Theatre in Wales

Theatre, dance and performance reviews

The Sound of Music

Wales Millennium Centre , Wales Millennium Centre , July 31, 2009
The Sound of Music by Wales Millennium Centre Any performance of The Sound of Music requires three essential ingredients: strong singing, delightful children and a Maria that is capable of supplanting, if only temporarily, Julia Andrews.

Fortunately The Connie Fisher Show, oops, this touring version of The Sound of Music, has all three.

Connie is perfect in the role, both as an actress and singer. At times I did wonder whether if I closed my eyes I would be able to tell this was not actually Julie Andrews, such is her bright, crystal clear voice. Her distinct style sparkles with every note from Richard Rodgers and perfectly pronounces each Oscar Hammerstein lyric.

With Andrew Lloyd Webber in the audience this was the kick off of what is certain to be a hugely successful tour – but one based so much on that leading role.

As a rule I can’t stand awful TV elimination games especially when with this one it was so obvious who would and should win. But our Connie has a platform to show her totally engaging charm and has succeeded in making the role her won, on stage at least.

I actually found her portrayal refreshingly different from the famous film role as slightly more, well, sexy and rather worldlier from glances at the Captain and exchanges with the nuns.

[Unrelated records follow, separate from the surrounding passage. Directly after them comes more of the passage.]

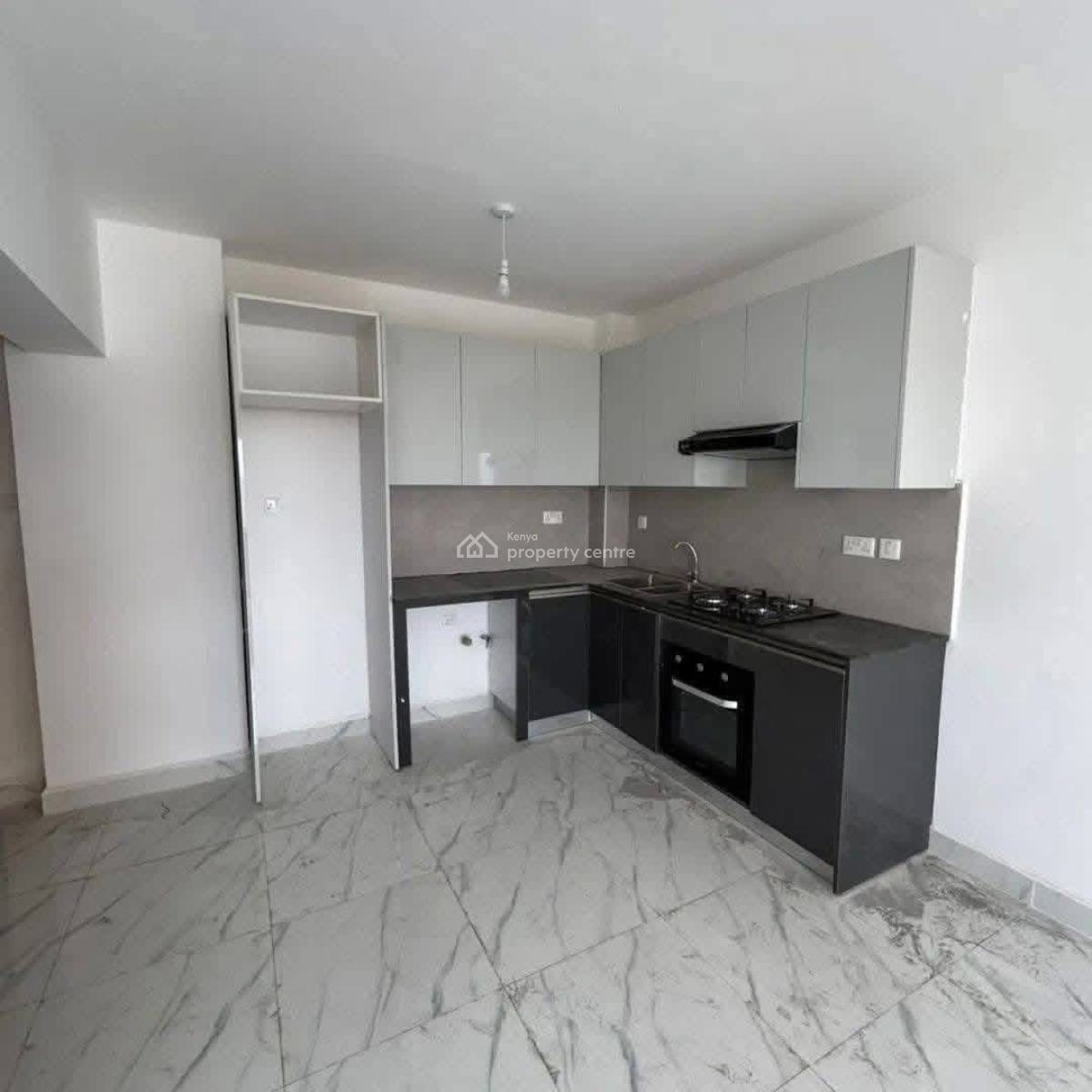 Luxurious Studio and 1 Bedrooms, Mombasa Road, Syokimau/mulolongo, Machakos, Apartment for Sale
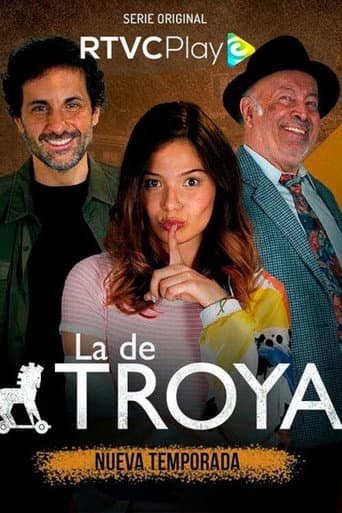 Staffel 2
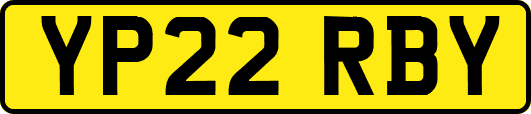 YP22RBY
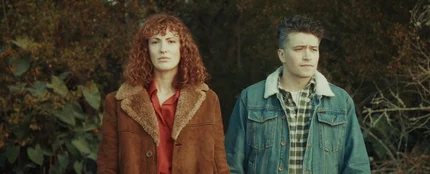 Fotograma de 'Todo gira y vuelve' Fotograma de 'Todo gira y vuelve'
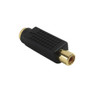 S-Video Female to RCA Female Adapter (FN-AD-S1R1)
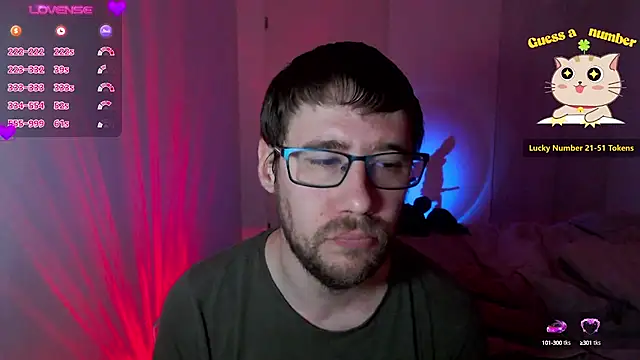 Thomas Mrd online show from 12-17-24, 12:56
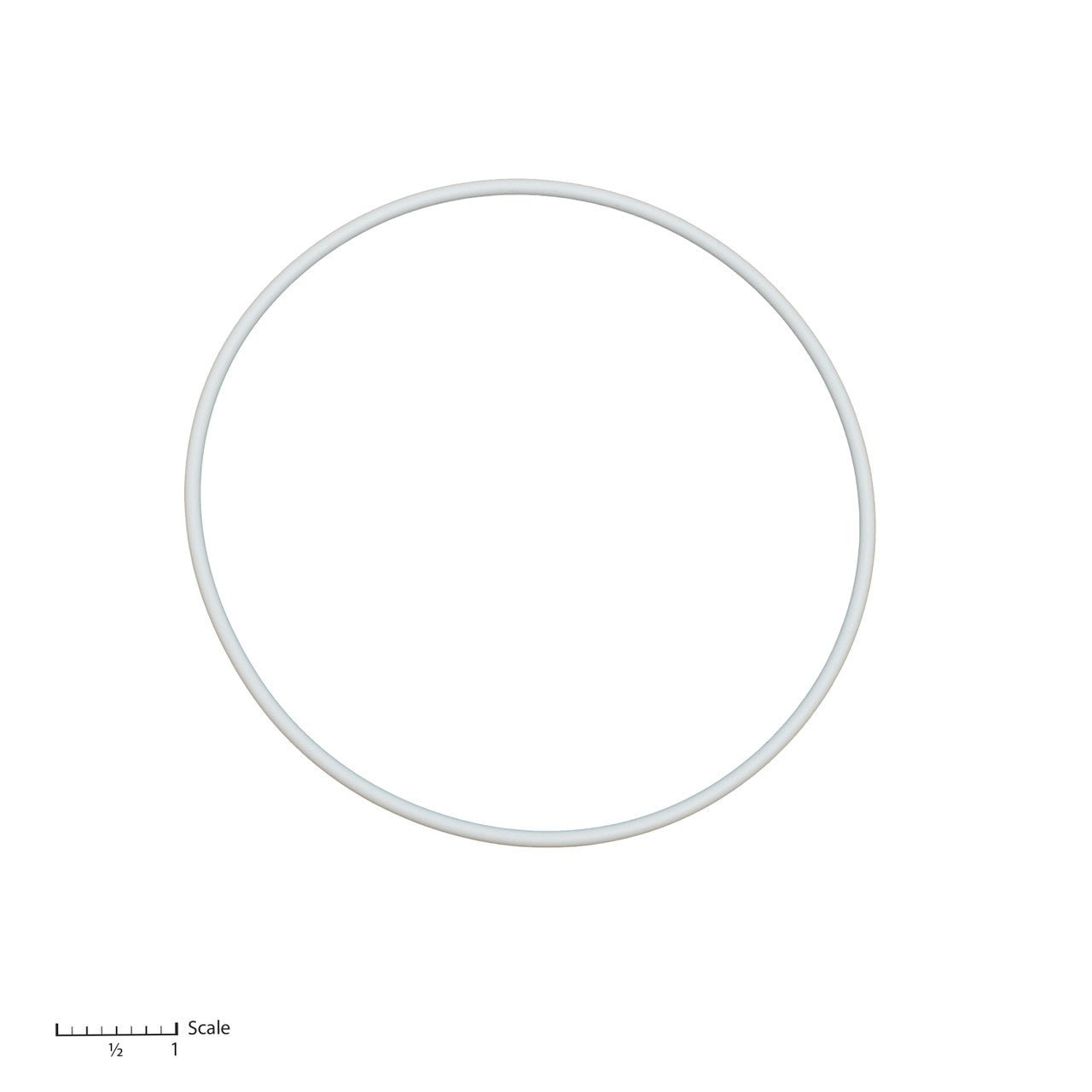 Graco 166411 Replacement Teflon O-Ring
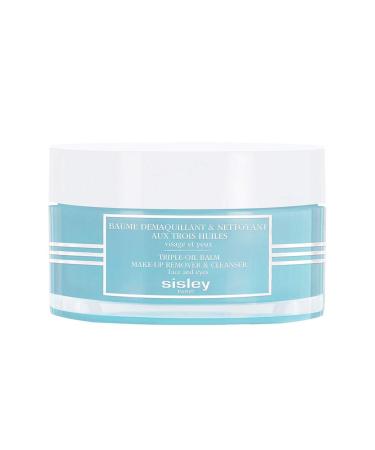 Buy Sisley Paris Triple-Oil Balm Make-Up Remover 4.2 OZ | International Shipping Available - Buy Online on GoSupps.com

She seems to know what is what rather than just the innocent abroad of the film, although I thought the see through nightie that is produced from her suitcase on the eve of her wedding is a tad too much.

The children were just great. Each one has perfected their character and veered on just the right side of schmaltz.

Margaret Preece sang the show stopper Climb Every Mountain with some restraint rather than bursting our eardrums as so easily could be the case.
The rest of the cast are fine. Michael Praed is, well, Michael Praed. He can carry a tune which helps enormously and his rather wooden acting style fitted the distant character of Captain von Trapp.

Jacinta Mulcahy plays the rejected wealthy Austrian fiancée with finesse and sympathy while Martin Callaghan bounds around in a vaguely amusing way as Max Detweiler.

Jeremy Taylor is a pleasantly voiced Rolf and the duet with Claire Fishenden as Liesl is prettily done.

Jeremy Sams's production tries not to go over the top in kitsch and is instead rather restrained and basic in this touring show which gives the characters the stage.

I hope to go back to see the show again ‘cos I loved it and to see how Kirsty Malpass fares in the lead role on Connie’s days off.